Le concours de tir lancé 6 mois plus tôt eut effectivement lieu à Nuremberg au mois de juin suivant. La chronique en donne les résultats et les principaux participants. Les Augsbourgeois gagnèrent le premier prix, Öding (Otinger ?) en Bavière emporta un lot de 40 florins, de même qu’un cheval ; des prix revinrent également à Eichstätt, Bamberg, Geislingen (vers Ulm), Amberg, Ulm, Munich, Ratisbonne. Le conseil dépensa au total pour ce grand concours de tir 656 livres, 5 schilling et 3 heller.

Un précédent plus modeste par la mise en jeu est attesté en 1433, dans la Chronique du temps de Sigismond 1492 .

« Item cette année-là la ville de Nuremberg mit en jeu 7 lots qui valaient bien 250 florins : un bœuf, un cheval équipé d’un drap rouge, un gobelet en argent, une coupe en argent, une bonne armure et d’autres lots. Là vinrent beaucoup d’arbalétriers (Schützen) des villes et on commença à tirer le mardi après la saint Barthélémy (25 août) : le cheval fut gagné par ceux d’Augsbourg et ceux de Nuremberg gagnèrent les autres meilleurs lots ». ’

Dans un livre de cadeaux 1493 furent consignés les origines des participants. On vint pour ce concours d’Ulm, Rothenbourg et Eichstätt, d’Eschenbach, Amberg et Sulzbach, d’Hemau, Ratisbonne, Munich, Nördlingen, Kitzingen et Iphofen, Schweinfurt, Neustadt/Aisch, Freysing, Gräfenberg, Schwäbisch Hall, Cobourg, Bamberg, Augsbourg, Neumarkt. Ce « grand concours de tir avec les arbalétriers des hôtes (Gäste) et les nôtres, qui dura 5 jours, occasionna une dépense de 65 florins 16 schilling ½ et 49 livres 3 schilling et 4 heller, soit 122 livres 3 schilling 10 heller 1494 . Les meilleurs lots étaient alors un cheval pour 14 florins, une timbale de 9 florins, un bœuf de 6 florins, une armure de 4 florins… » Comme en 1458, un florin hongrois était destiné à la ville la plus lointaine (verrsten). A cela s’ajoutèrent des frais de « vin, pain, fruits et autres choses que l’on donna, et que l’on donna aussi en récompense aux secrétaires, fifres, tambours et autres employés qui étaient présents » 1495 .

Rothenbourg fut elle aussi le théâtre de concours de tirs semblables au début du XVIe siècle. Son conseil lança ainsi le 17 septembre 1502 des invitations à 18 localités de l’espace souabe et franconien, entre Main et Danube : Nuremberg, Nördlingen, Schwäbisch Gmünd, Schwäbisch Hall, Dinkelsbühl, Schweinfurt, Windsheim, Würzbourg, Ochsenfurt, Ansbach, Wertheim, Mergentheim, Neustadt/Aisch, Uffenheim, Kitzingen, Aw (Aub ?), Iphofen et Crailsheim.
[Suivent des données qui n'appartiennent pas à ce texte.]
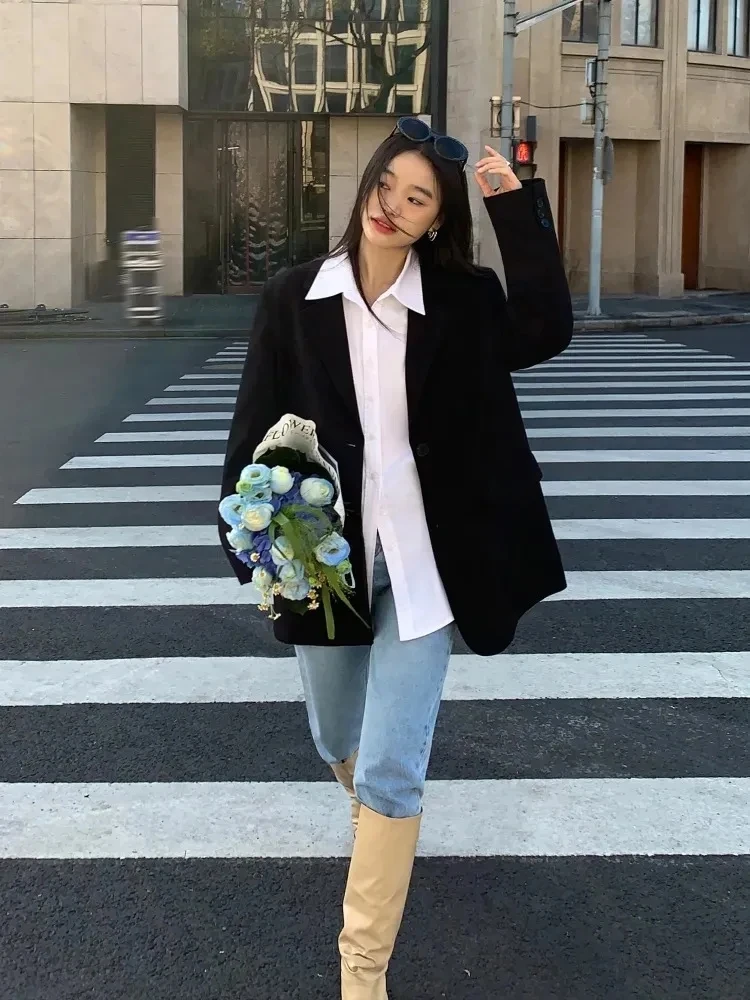 Frauen Schwarz Anzug Jacke Langarm Blazer Koreanische Mode Zurück Split Büro Blazer Damen Lose Mantel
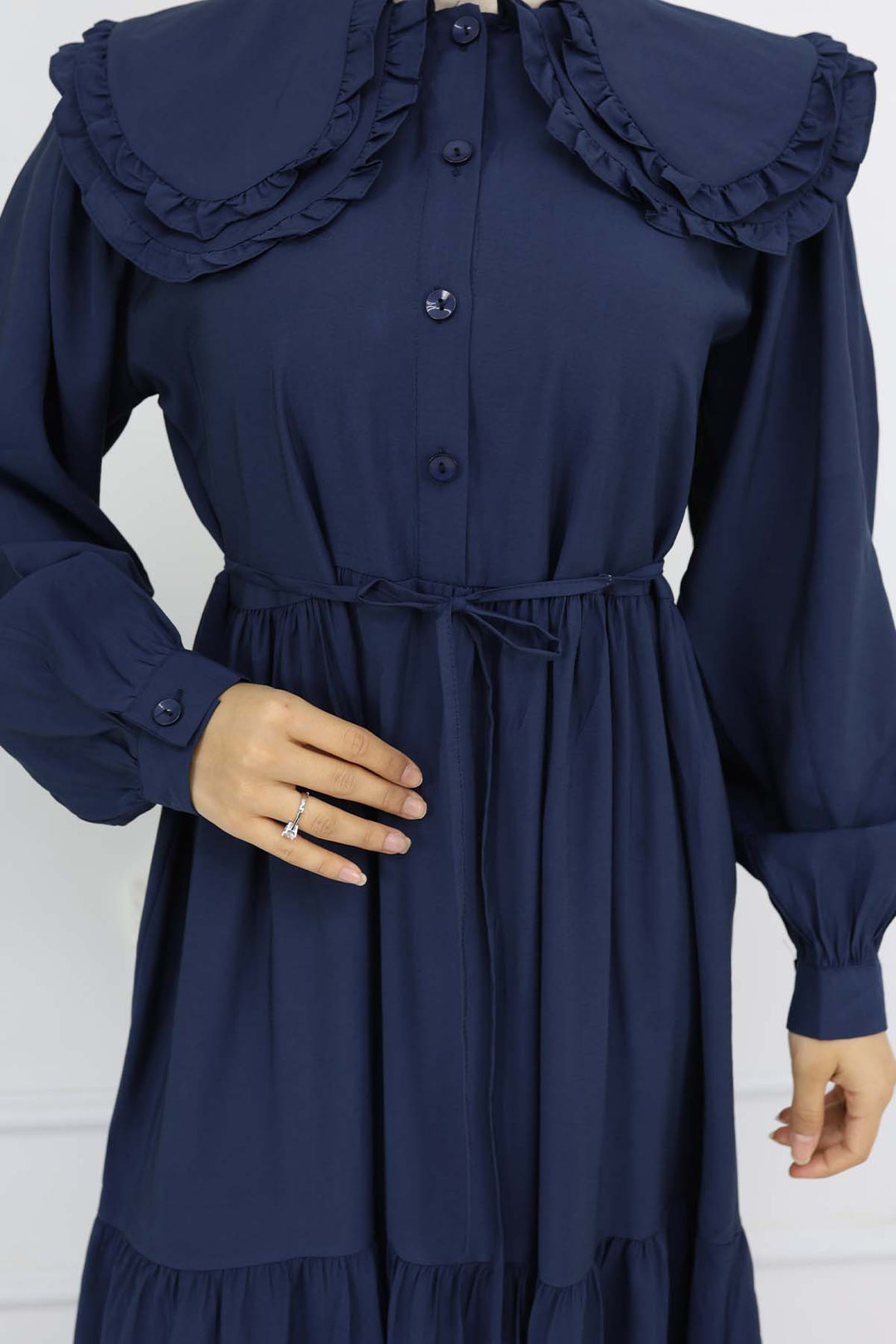 BNG Women Navy Blue Dress with Baby Collar Front Button 2274 - Hatfield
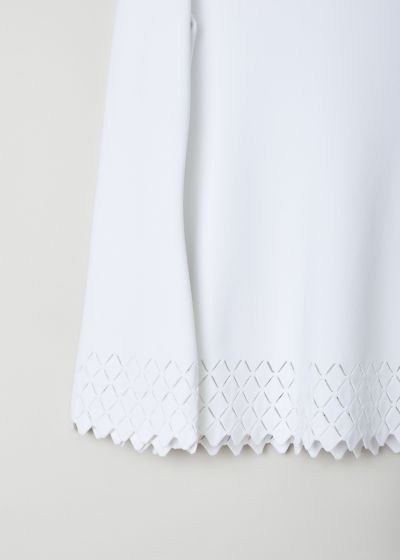 Alaïa White A-line top with diamond detailing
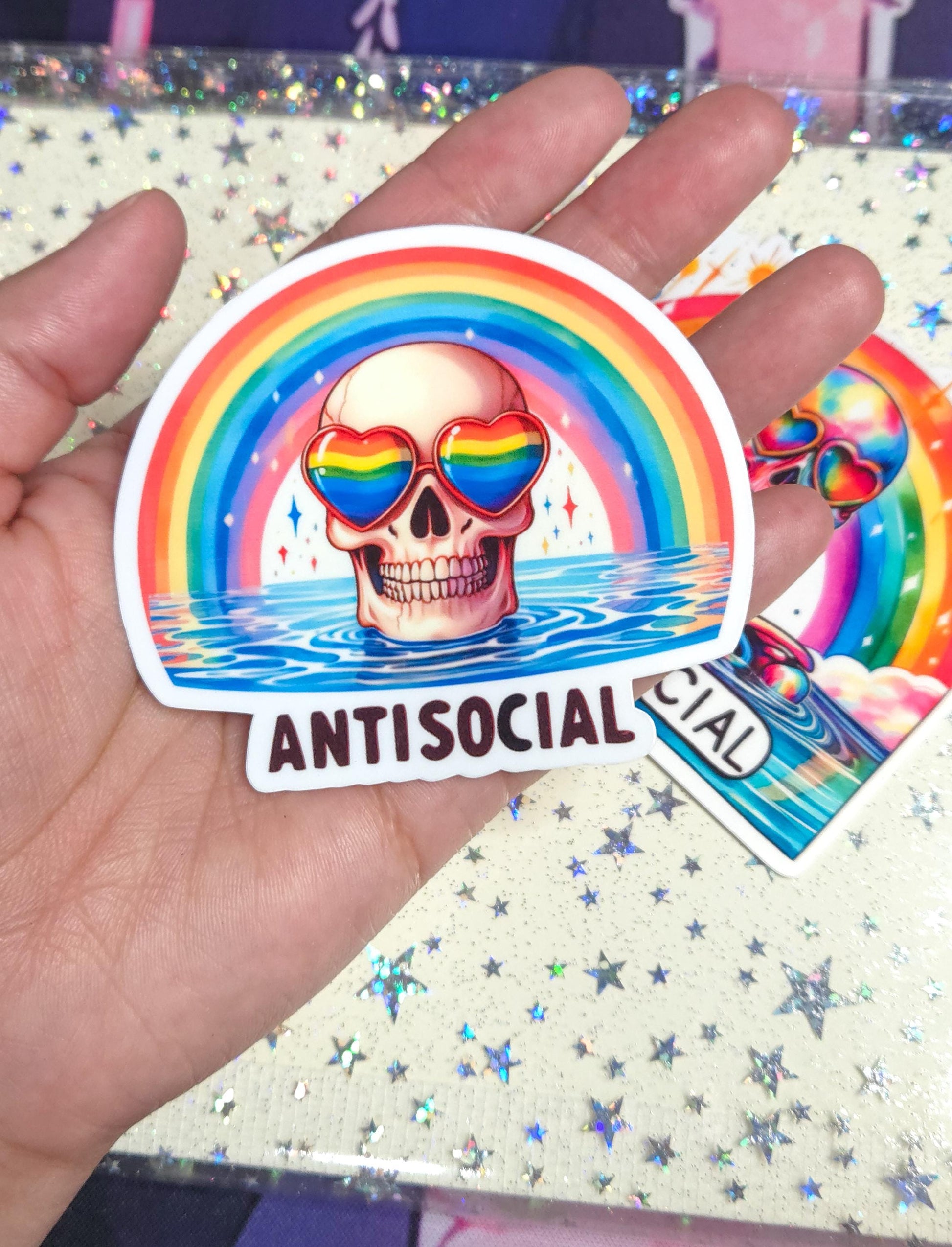 Anti-Social Skeleton Glossy Die Cut Bujo Journal Planner Sticker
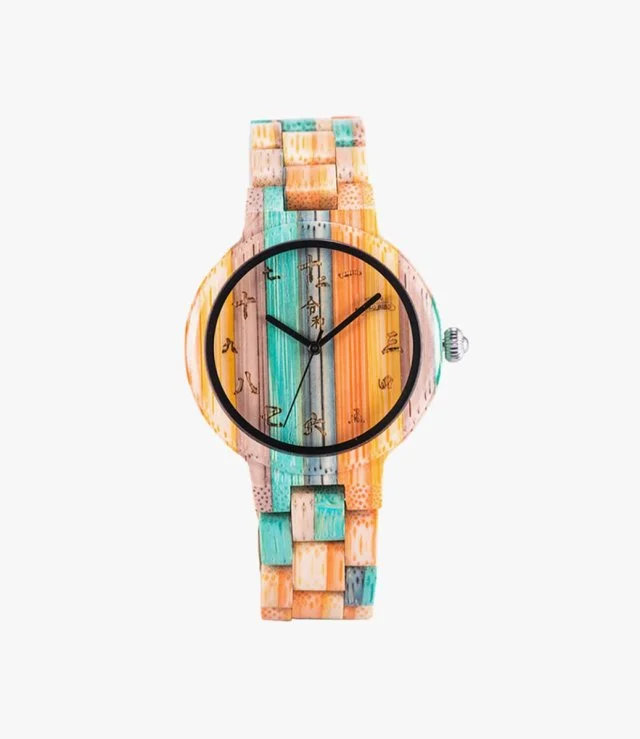 ساعة بوبو بيرد الخشبية -عدة اللوان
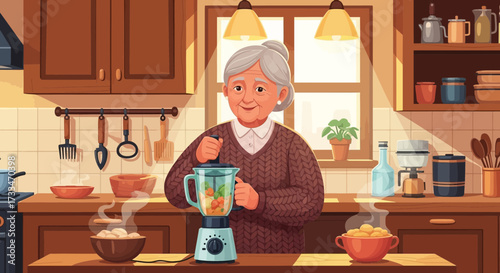 Grandmother's Joyful Cooking Experience: Preparing Healthy Smoothies in a Warm Kitchen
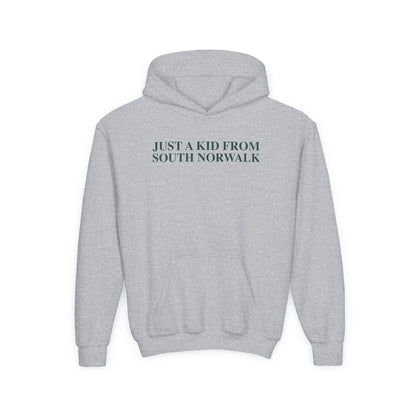 Just a kid from South Norwalk Youth Heavy Blend Hooded Sweatshirt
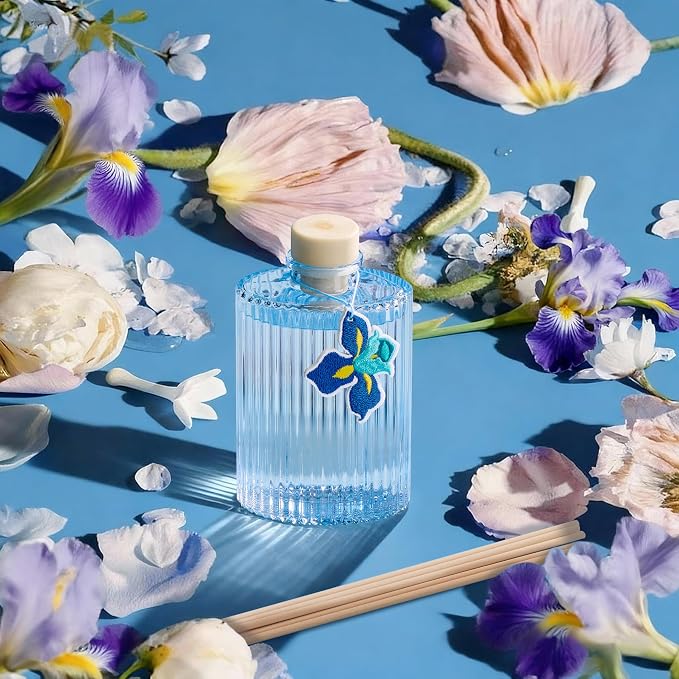 Reed Diffuser, Blue Iris Scent Flower Diffuser, 6.09 fl oz | 8 Reeds, Long-Lasting Home Fragrance, Bathroom Bedroom Shelf Decor & Gifts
« Chers amis, en l’honneur particulier de l’éminent et bien né prince et sire le sire Frédéric Margrave de Brandebourg, notre gracieux sire et pour lui plaire, nous avons décidé d’un tir à l’arbalète de sorte à être chez nous de nuit le dimanche du prochain jour de la Saint Oronisius [ ?], pour commencer le lundi matin. […] Comme sa grâce princière et également le très éminent et bien né prince et sire, le margrave Casimir, le fils de sa grâce, seront présents en personne pour ces tirs […] nous demandons à votre honorable sagesse amicalement avec une insistance particulière de bien vouloir envoyer vos arbalétriers et compagnies de tireurs pour le jour et le délai fixé chez nous ici, afin de d’entreprendre ces tirs et divertissement comme il est écrit plus haut… » 1496 .’

Les arbalétriers de Rothenbourg et Nuremberg ne se contentaient pas de recevoir leurs hôtes et concurrents. Ils s’en allaient concourir à leur tour dans des compétitions et festivités organisés hors de Franconie. En 1433, les arbalétriers de Nuremberg partirent disputer un lot à Ratisbonne. On voit aussi le conseil de Rothenbourg réclamer pour deux de ses ressortissants un lot qu’ils auraient honnêtement gagné à un concours de tir à Stuttgart 1497 .

Au vu de ces événements urbains, se dégagent quelques similitudes. Les lots mis en jeu et les règles du concours elles-mêmes variaient peu d’une cité à une autre. Les conseils œuvraient pour ce faire en concertation avec le métier des arbalétriers qui amenait ses propres codes et normes, laissant au gouvernement urbain le choix des lots et de toute la logistique liée à la venue des concurrents. De ce fait, le prix des récompenses, comme le bon déroulement des opérations, constituaient en soi une publicité pour la cité organisatrice et devait mettre en valeur sa puissance, sa richesse, son sens de l’ordre et de l’équité. S’il était coutumier d’offrir des coupes, des timbales et autres gobelets, ces objets étaient aussi, dans le cas de Nuremberg, un faire-valoir de son savoir-faire industriel, puisque de telles productions, de même que les armures, sortaient en quantité de ses ateliers. La distance sur laquelle la ville organisatrice parvenait à recruter des concurrents formait elle même enjeu, la récompense supplémentaire au citadin le plus éloigné n’était à ce titre pas fortuite. Elle permettait de porter la réputation d’une ville le plus loin possible, sachant qu’il pouvait s’agir d’un critère de classement et de hiérarchisation entre les cités.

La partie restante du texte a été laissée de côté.